If this file is in the same directory as your Python file you can add it with ''import GroPy''.
==== Tutorial ====
=== Starting API and creating the link ===
It is at any point necessary that GroIMP is running as the API server. How to start it is explained [[:groimp-platform:interfaces:api|here]].
Now in an empty python file (.py) we first import GroPy and create a link to the API server.
from GroPy import GroPy #if you did not use pip change the line to import GroPy
link = GroPy.GroLink("http://localhost:58081/api/") # if you started the API on a other port change it here as well
This link object by now did not interact with the server, it is only a collection of commands to create calls. These commands can be found [[https://gitlab.com/grogra/groimp-utils/pythonapilibrary/-/tree/main?ref_type=heads#grolink|here]].
=== Create a new workbench reference ===
Each GroIMP project is always embedded in a workbench, which handles the interaction with the project. GroPy creates references to these workbenches (WBRef).
For this tutorial a new empty RGG workbench is created, this is similar to the one created by 'new RGG' on the GUI.
wbCreateCall = link.createWB("newRGG") # create the API call object
wbCreateCall.run() # execute the API call object
wb1 = wbCreateCall.read() # reading the results of the API call and create a WBRef object
The code above shows how GroPy handles calls. A call is created by the functions of the GroLink object 'link'. This call represents an API request but did not interact with the API yet. This happens when the ''run()'' function is executed. Afterwards, the response is stored in the call object and is interpreted when the ''read()'' function is executed.

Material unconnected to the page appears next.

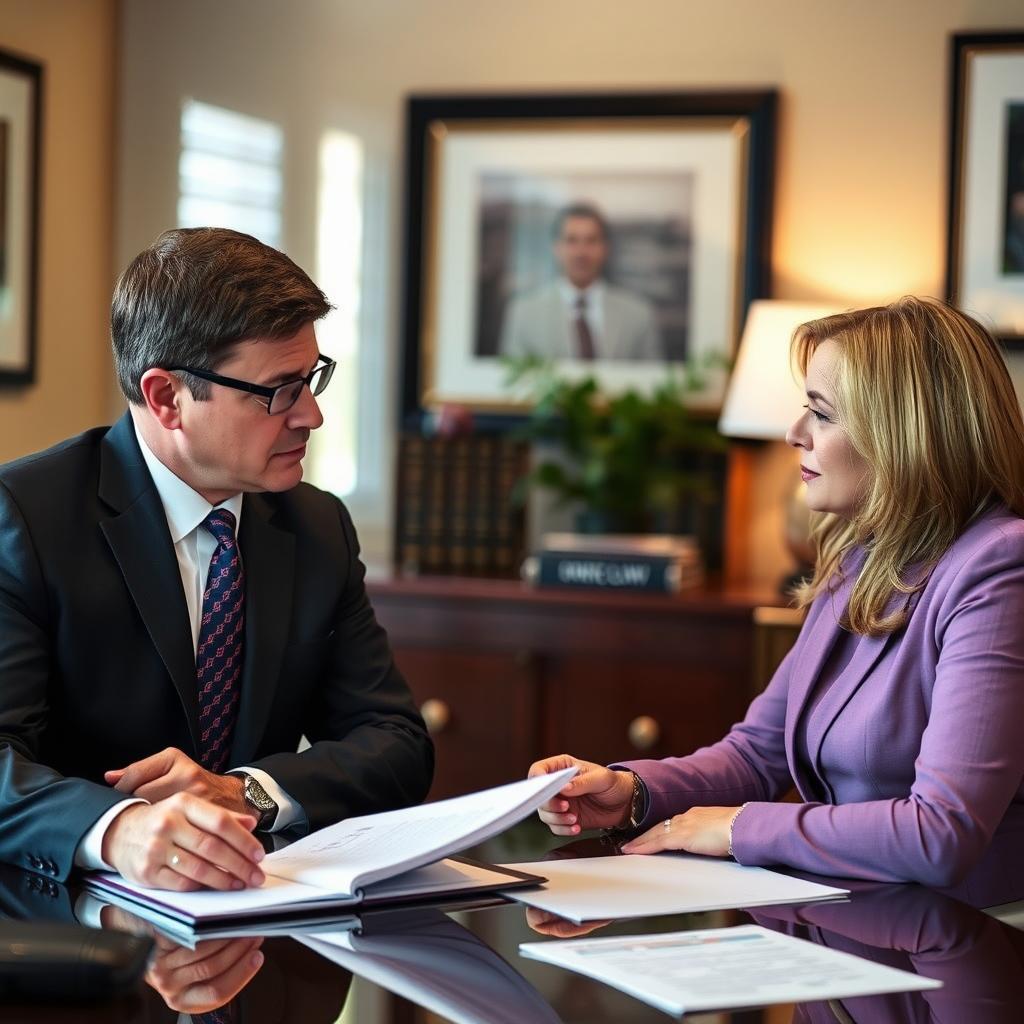Human Trafficking Lawyer Prince William County, VA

This can be simplified by:
wb1 = link.createWB("newRGG").run().read() # a inline solution of the code above
The now-created WBRef object wb1 can execute a list of commands to create new calls. These commands can be found [[https://gitlab.com/grogra/groimp-utils/pythonapilibrary/-/tree/main?ref_type=heads#wbref|here]]
=== Find the first information ===
With the WBRef object 'wb1' it is now possible to get information about the workbench, for this tutorial: the project graph and the available RGG functions.
#print the Porject graph
print(wb1.getProjectGraph().run().read())
#get the list of RGG functions:
functions = wb1.listRGGFunctions().run().read()
for f in functions['data']: # reading all entries form the data entry
print(f)
By default, each function that is defined with the return type 'JSON', returns a dictionary that always includes 'console' for the content of the XL console and 'log' for application information. Additionally, in most cases, the data that was requested is returned in 'data'. In some more complex results such as the ProjectGraph, the response is divided into several dictionary entries.
=== Executing RGG and XL ===
In the next step, the model will be manipulated by RGG functions and XL queries.
# create the call that counts all A nodes
countA = wb1.runXLQuery("count((*Model.A*));")
# create the call that executes the rgg command 'run'
execRun=wb1.runRGGFunction("run")
# executing the count and read the results
print(countA.run().read())
# execturing the run function 10 times without printing because the result is not needed
for i in range(10):
execRun.run()
# executing the count and read the results a second time
print(countA.run().read())
XL queries as shown above work similarly to the XL console in the GUI(except for the usage of Variables), including the usage of rewriting rules. The main difference to the usage of XL in RGG is that Modules defined in the RGG code such as ''A'' must be referred to with ''Model.A''.
The call created with runRGGFunction does the same thing as clicking on the button in the GUI.
=== Saving and closing the Workbench ===
At the final step of this small tutorial, the workbench is saved and closed.
If the workbench is not saved before closing the changes will be lost without additional questions.
The code below shows the two different ways to save a project:
# Saving the retuned data
data=wb1.save().run().read() # recive the gsz file as binary data
f = open("result.gsz",'wb') # open a binary file
f.write(data) # save the file
f.close() # close the file
# save to a path on the System
wb1.save(path="/home/tim/Dokumente/Uni/master/lab/py/test/eins.gs").run()
The two different ways exist for two different use cases: The first one does not require a shared file system between the API and the client. This means it is possible to run GroIMP on a different system such as a remote computer or a container(e.g. Docker).
Therefore the first way also only supports .gsz files, since all information is returned as one file.
The second way might be simpler in other use cases.
Finally closing the workbench is a simple last command:
# close the workbench
wb1.close().run().read()
Afterward, the API can be closed by crl+c in the console or with the command ''link.close().run()'';
=== The code of the Tutorial: ====
To simplify the testing and understanding here is the complete code of the tutorial:
from GroPy import GroPy #if you did not use pip change the line to import GroPy
link = GroPy.GroLink("http://localhost:58081/api/") # if you started the API on a other port change it here as well
wb1 = link.createWB("newRGG").run().read()
#print the Porject graph
print(wb1.getProjectGraph().run().read())
#get the list of RGG functions:
functions = wb1.listRGGFunctions().run().read()
for f in functions['data']: # reading all entries form the data entry
print(f)
# create the call that counts all A nodes
countA = wb1.runXLQuery("count((*Model.A*));")
# create the call that executes the rgg command 'run'
execRun=wb1.runRGGFunction("run")
# executing the count and read the results
print(countA.run().read())
# execturing the run function 10 times without printing because the result is not needed
for i in range(10):
execRun.run()
# executing the count and read the results a second time
print(countA.run().read())
# Saving the retuned data
data=wb1.save().run().read() # recive the gsz file as binary data
f = open("result.gsz",'wb') # open a binary file
f.write(data) # save the file
f.close() # close the file
#close
wb1.close().run().read()